** The data **
=====
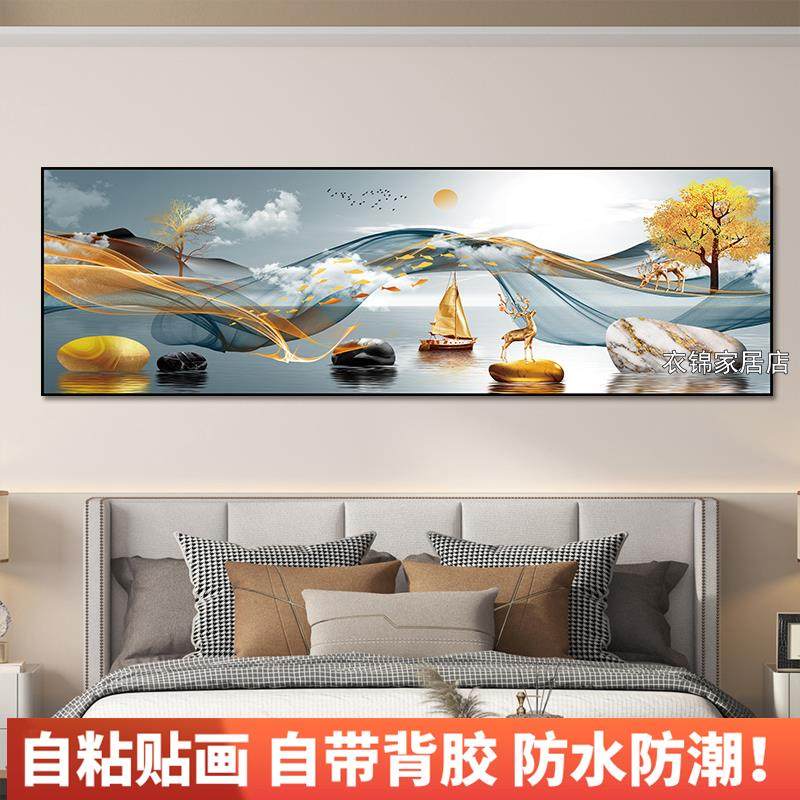 卧室床头装饰画房间酒店宾馆民宿客厅沙发背景墙贴纸主卧自粘壁画,个性定制/设计服务/DIY,写真/海报印制,淘宝优惠券,粉丝福利购,淘宝优惠卷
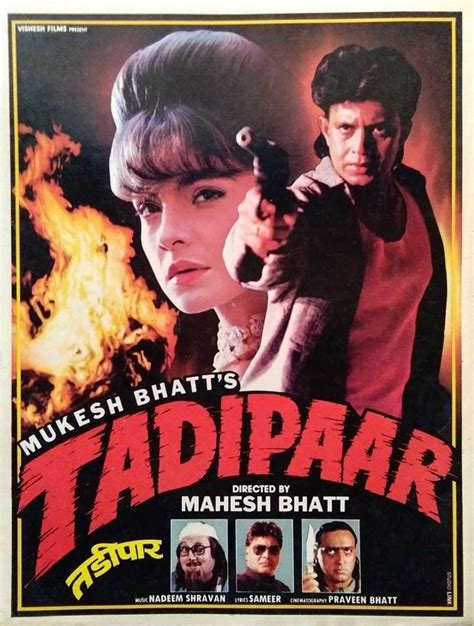 Tadipaar (1993)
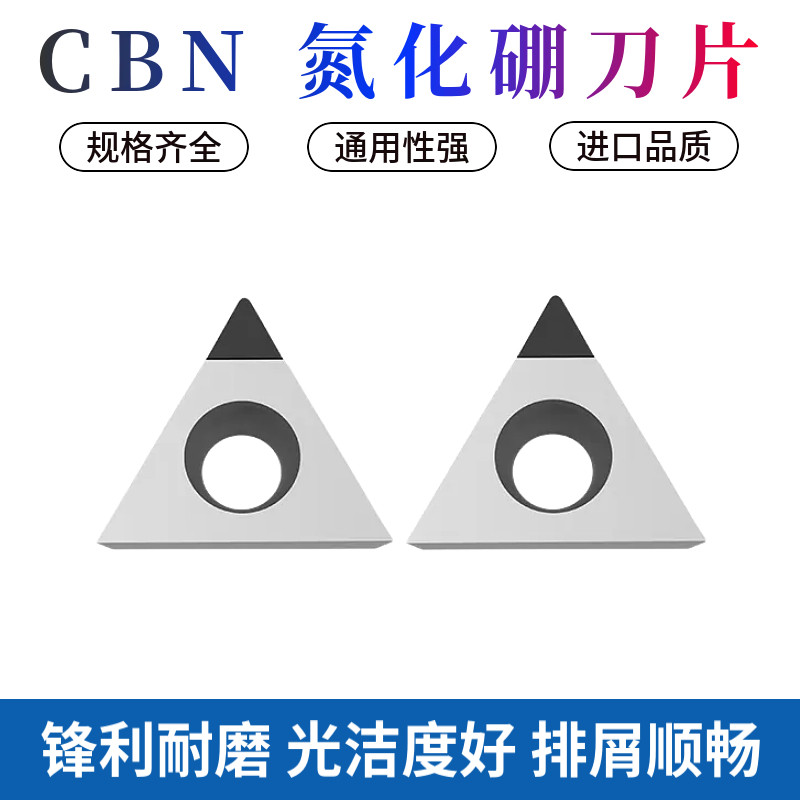小三角CBN超硬TCGT刀片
=====
** Task goal **
Repeat the material above word for word; no images go in the copy.

** The completed task **
 卧室床头装饰画房间酒店宾馆民宿客厅沙发背景墙贴纸主卧自粘壁画,个性定制/设计服务/DIY,写真/海报印制,淘宝优惠券,粉丝福利购,淘宝优惠卷
 Tadipaar (1993)
小三角CBN超硬TCGT刀片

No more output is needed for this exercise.